The council, which meets monthly in addition to twice a year at NNSA headquarters in Washington, D.C., was re-established in 2010 to investigate and explore cross-cutting science, technology and engineering issues and opportunities that have an impact across the NNSA.
“I think it’s one of the most phenomenal working groups I’ve been a part of in my career,” said Bender, who worked with NNSA and NNSS leadership to recommend Howard as his successor. “Someone else needs a chance at this.”
Howard, a signal processing and applied mathematics scientist, comes to the NNSA Defense Programs Science Council after receiving the United States government’s highest honor for scientists who demonstrate exceptional leadership in independent research careers – the Presidential Early Career Award for Scientists and Engineers (PECASE) – in July 2019.
“I would like to bring access and visibility to NNSS resources and capabilities, as well as some of our less-visible talents,” said Howard. “If the science council has a need that could utilize our resources and knowledge, I would love to connect the dots.”

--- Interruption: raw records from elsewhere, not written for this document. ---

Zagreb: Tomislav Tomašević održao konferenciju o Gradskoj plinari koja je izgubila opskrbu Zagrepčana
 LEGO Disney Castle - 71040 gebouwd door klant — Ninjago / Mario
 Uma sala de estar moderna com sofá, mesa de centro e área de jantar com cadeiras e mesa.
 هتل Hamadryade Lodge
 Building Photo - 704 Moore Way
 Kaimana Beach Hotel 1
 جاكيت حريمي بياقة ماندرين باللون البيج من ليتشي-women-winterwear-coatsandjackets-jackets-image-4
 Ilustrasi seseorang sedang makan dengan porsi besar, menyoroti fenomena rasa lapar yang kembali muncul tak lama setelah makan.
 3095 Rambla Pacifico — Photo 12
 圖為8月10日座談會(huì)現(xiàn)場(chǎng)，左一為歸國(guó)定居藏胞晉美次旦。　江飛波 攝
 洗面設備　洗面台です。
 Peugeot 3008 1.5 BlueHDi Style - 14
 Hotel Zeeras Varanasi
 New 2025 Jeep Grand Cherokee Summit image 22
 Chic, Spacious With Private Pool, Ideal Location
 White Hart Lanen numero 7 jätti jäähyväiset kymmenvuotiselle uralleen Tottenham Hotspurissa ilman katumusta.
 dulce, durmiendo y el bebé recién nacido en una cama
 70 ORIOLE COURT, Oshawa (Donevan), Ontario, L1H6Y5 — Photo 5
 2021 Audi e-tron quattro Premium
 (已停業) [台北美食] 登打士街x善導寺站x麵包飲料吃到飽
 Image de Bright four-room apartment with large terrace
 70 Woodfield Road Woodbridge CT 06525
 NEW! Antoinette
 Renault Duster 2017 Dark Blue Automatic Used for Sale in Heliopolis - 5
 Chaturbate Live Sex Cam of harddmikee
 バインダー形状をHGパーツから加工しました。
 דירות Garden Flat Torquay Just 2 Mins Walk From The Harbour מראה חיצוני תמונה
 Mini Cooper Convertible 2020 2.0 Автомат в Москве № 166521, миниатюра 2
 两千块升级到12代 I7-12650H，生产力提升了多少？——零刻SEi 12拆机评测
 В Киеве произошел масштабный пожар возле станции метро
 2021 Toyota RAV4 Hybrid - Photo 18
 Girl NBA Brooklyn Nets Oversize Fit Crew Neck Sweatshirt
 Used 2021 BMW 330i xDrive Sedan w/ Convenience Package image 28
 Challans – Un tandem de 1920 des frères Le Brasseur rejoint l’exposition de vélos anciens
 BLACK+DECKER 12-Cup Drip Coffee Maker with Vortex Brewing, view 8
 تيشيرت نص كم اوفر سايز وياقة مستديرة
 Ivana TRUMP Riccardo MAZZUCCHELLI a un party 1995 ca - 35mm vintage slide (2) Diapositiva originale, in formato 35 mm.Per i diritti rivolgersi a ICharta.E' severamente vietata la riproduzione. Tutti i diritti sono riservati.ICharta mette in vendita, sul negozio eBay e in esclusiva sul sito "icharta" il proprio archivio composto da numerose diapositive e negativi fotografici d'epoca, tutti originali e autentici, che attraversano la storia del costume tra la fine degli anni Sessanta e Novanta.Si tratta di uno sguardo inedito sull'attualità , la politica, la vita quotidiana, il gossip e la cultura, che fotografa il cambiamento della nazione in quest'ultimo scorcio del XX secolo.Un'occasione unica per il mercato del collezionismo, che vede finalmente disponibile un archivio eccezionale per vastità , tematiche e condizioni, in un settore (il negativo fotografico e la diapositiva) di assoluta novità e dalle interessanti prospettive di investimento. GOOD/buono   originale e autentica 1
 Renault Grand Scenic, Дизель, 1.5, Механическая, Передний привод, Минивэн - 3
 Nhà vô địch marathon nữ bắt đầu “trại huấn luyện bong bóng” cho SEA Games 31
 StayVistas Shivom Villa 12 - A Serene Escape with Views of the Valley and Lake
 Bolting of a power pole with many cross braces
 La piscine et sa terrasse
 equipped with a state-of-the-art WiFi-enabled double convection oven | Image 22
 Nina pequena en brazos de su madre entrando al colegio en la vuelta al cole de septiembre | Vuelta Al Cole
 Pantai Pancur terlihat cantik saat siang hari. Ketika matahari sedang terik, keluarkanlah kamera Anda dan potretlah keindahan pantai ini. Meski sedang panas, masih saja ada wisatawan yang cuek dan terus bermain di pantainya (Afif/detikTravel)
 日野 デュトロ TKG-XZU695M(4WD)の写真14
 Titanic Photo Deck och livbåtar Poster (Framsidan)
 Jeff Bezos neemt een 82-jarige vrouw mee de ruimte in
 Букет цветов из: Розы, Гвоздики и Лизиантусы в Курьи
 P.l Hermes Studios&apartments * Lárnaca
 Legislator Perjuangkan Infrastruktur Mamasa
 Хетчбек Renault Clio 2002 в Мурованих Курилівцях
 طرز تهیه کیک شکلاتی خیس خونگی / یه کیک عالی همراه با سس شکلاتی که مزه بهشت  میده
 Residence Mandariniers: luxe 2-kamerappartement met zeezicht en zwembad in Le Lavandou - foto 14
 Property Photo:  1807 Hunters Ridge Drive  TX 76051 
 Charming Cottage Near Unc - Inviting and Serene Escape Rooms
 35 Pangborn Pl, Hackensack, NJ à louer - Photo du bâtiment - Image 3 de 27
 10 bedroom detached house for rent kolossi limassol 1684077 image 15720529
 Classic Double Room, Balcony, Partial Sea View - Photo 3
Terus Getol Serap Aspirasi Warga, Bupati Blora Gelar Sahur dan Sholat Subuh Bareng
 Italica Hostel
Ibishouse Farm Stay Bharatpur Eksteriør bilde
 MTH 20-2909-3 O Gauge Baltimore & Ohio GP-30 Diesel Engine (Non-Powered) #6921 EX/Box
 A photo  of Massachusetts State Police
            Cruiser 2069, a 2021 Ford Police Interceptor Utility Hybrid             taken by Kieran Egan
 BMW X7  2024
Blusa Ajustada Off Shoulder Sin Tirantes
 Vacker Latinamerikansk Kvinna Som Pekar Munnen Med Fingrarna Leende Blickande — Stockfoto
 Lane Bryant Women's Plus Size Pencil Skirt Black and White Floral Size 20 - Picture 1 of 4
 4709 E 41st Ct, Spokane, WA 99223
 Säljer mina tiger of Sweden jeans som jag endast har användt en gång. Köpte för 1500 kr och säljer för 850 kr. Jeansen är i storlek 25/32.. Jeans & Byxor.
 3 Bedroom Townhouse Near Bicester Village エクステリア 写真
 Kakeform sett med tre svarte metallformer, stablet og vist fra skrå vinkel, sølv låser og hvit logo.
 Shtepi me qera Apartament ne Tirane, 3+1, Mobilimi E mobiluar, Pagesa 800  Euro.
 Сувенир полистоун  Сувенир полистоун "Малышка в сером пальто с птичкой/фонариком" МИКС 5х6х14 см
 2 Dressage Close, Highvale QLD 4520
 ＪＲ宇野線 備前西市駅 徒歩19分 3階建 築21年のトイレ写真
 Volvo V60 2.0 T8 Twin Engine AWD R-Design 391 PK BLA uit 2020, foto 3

Having already cultivated a network of peers in the NNSA through her career and PECASE, Howard says she looks forward to continuing to build opportunities throughout the enterprise.
“We have been putting together plans for how our NNSS analysis team can expand our role in future subcritical experimental needs at the labs. I’m really excited to see the doors that open up for our team and the new collaborative relationships we build with the laboratories.”